In operation, once a boundary definition is transferred to the
instruction register 52, the intensity function specified is
supplied to the intensity function control for generating intensity
control signals. One half a cycle later it is transferred to the
reject register 66 by enabling the AND gates 160 by the signal SM
which as given in Table 9 responds to cycle B and the flag FL-7
which indicates that a boundary definition is held in the
instruction register 52. By making the signal SM responsive to
cycle B the boundary definition is transferred one half a cycle
after that boundary definition was supplied to the instruction
register 52.
The boundary definition now in the reject register 66 is tested to
see if the bounded area to which it pertains has been completed by
checking if Yc is equal to zero in the decision block 184. If it is
zero then that boundary does not appear in any other scan lines and
nothing further is done with that boundary definition which will be
discarded when the next boundary definition supplies to the reject
register 66 overwrites it. If Yc is not equal to zero then the
decision block 184 has an output signal YNZ which indicates that
the boundary definition should be updated and stored for future
use.

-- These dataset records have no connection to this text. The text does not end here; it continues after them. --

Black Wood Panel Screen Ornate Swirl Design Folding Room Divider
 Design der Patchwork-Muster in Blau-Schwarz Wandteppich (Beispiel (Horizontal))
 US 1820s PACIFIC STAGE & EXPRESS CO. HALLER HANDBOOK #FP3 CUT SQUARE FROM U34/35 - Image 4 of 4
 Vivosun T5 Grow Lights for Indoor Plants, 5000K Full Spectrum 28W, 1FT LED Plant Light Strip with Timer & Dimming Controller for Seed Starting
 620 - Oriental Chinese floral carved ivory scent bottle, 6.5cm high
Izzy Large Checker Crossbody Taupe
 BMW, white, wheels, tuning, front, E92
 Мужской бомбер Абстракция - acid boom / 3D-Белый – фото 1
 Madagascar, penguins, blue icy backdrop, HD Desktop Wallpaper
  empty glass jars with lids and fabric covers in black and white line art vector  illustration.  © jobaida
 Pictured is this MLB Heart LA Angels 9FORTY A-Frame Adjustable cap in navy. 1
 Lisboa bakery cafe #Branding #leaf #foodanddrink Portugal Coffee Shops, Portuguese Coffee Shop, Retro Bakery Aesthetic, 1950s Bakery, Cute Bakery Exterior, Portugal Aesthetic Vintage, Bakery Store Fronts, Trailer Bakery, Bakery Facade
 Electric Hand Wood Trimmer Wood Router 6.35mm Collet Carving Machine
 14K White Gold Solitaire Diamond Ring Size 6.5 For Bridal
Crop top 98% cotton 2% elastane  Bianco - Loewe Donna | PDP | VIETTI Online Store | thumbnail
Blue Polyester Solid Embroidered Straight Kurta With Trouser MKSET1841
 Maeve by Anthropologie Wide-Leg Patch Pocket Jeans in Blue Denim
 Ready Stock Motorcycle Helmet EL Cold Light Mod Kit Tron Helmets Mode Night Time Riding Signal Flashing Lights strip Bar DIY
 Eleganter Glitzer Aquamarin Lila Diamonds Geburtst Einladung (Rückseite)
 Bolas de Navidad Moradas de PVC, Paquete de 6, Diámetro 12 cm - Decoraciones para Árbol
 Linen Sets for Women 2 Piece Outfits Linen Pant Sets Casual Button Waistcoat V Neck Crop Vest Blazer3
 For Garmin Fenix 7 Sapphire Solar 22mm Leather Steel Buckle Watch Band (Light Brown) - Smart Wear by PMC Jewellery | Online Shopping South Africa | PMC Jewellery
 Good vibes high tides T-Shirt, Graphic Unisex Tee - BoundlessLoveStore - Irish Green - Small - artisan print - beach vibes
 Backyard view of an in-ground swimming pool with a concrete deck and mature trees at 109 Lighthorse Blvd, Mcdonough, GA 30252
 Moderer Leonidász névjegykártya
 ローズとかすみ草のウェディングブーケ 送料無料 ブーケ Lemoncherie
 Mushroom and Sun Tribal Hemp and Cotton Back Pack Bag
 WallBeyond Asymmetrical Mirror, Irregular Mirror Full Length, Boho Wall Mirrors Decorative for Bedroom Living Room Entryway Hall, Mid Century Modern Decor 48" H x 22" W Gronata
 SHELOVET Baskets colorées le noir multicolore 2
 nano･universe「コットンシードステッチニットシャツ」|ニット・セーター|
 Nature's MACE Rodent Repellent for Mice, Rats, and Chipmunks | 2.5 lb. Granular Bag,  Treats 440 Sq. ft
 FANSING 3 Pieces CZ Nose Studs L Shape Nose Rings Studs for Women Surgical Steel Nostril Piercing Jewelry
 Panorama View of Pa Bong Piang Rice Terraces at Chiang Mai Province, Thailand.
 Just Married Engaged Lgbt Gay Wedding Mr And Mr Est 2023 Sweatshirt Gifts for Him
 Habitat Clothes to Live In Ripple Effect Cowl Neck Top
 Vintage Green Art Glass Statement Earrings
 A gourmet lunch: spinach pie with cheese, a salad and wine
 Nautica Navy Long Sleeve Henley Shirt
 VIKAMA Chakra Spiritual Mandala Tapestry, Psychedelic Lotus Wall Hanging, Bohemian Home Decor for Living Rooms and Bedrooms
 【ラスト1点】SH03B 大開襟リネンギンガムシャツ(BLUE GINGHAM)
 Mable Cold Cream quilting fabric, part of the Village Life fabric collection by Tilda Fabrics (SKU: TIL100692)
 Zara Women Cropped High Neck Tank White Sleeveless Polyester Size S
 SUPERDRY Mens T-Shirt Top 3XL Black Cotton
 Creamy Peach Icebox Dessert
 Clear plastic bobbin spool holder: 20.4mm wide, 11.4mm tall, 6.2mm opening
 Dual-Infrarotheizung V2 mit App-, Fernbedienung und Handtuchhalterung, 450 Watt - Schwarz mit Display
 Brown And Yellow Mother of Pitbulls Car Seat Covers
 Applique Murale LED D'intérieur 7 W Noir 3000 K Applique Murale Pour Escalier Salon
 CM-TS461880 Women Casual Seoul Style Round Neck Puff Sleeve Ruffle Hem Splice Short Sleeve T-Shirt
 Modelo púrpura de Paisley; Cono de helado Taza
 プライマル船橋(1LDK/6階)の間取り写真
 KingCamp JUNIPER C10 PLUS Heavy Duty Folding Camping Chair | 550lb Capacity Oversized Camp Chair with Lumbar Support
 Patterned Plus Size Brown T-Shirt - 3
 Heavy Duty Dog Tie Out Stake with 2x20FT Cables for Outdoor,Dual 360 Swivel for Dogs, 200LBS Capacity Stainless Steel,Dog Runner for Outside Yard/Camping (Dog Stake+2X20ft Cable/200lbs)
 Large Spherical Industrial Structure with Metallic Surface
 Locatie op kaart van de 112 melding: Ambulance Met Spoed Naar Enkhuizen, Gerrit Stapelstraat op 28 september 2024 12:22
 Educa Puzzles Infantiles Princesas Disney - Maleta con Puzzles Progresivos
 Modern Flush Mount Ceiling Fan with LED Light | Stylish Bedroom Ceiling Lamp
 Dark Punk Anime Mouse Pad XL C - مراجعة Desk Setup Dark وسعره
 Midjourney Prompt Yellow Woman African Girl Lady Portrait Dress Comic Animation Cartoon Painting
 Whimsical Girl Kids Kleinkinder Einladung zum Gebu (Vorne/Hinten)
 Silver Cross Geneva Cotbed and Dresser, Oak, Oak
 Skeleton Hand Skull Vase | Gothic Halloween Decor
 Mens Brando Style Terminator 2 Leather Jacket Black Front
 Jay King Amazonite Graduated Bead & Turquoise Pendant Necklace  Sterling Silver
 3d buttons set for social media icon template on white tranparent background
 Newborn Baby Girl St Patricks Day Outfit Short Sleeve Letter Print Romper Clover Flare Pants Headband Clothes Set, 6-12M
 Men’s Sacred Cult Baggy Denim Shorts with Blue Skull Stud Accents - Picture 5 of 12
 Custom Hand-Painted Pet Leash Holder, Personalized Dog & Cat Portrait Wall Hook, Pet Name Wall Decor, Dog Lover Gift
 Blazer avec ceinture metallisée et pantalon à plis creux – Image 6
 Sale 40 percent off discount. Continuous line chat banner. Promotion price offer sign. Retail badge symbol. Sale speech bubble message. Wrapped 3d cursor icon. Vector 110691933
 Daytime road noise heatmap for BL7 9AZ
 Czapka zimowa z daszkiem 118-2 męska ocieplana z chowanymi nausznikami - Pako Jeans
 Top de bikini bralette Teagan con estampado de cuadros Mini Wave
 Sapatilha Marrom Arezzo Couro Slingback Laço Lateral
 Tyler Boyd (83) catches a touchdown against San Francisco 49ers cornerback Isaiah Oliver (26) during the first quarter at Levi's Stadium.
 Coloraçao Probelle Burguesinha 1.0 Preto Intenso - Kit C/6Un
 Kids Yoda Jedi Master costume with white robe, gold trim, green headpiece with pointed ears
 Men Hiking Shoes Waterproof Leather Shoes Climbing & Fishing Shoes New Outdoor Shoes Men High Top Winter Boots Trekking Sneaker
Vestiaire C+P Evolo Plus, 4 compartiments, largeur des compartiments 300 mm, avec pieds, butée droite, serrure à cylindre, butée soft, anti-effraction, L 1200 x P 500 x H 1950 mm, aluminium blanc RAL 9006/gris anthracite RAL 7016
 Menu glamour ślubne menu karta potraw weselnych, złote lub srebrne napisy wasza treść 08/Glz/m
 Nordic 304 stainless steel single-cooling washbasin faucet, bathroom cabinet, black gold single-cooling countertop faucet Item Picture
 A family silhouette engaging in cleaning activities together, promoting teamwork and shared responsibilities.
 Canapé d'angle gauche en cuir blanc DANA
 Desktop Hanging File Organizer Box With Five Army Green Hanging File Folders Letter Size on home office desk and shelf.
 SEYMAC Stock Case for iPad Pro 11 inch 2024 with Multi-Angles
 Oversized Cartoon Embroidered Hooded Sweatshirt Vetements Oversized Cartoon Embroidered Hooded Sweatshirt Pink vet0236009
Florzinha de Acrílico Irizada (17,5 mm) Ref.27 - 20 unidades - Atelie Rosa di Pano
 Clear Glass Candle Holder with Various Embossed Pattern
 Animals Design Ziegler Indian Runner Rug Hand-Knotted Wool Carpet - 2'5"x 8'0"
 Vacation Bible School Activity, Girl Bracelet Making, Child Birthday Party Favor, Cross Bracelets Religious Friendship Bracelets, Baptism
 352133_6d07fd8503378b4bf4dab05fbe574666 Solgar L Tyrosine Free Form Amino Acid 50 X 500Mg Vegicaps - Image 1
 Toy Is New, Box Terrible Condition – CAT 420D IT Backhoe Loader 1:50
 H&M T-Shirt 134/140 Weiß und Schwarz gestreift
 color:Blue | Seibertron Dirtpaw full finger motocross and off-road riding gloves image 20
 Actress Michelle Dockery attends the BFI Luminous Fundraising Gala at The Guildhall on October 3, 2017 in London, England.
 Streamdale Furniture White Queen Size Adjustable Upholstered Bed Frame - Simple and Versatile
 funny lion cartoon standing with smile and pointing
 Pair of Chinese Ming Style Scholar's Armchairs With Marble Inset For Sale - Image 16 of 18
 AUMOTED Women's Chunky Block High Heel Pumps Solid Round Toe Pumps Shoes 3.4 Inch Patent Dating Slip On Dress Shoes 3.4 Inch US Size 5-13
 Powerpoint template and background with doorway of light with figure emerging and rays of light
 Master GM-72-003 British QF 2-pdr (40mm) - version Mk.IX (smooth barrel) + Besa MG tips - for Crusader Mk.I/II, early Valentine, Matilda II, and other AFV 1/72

This is done by providing the signal SN which is dependent on
the existence of the signal YNZ, the cycle B clock signal and the
existence of a boundary definition in the reject register 66 as
indicated by the flag FL-8 having an output signal. The signal SN
enables the AND gates 162, 164, 166, 168, 174, 180 and 182 to pass
the updated boundary definition to the store register 70 and set
the flag FL-9 associated with the store register 70. In the update
processor 68 the values of the instructions M, .DELTA.X/ .DELTA. Y,
dI/dY and dI/dX do not change and are therefore passed directly
through to the store register 70.
The values of Yo, Xi and Ii must be updated. Yc is updated by
subtracting the value one (1) stored in the register 172 from the
present Yc in the subtractor 170 and supplying the result to the
store register 70. Xi and Ii are updated by adding the values of
.DELTA.X/.DELTA. Y and dI/dY to them respectively in the adders 176
and 178 and supplying the results to the store register 70.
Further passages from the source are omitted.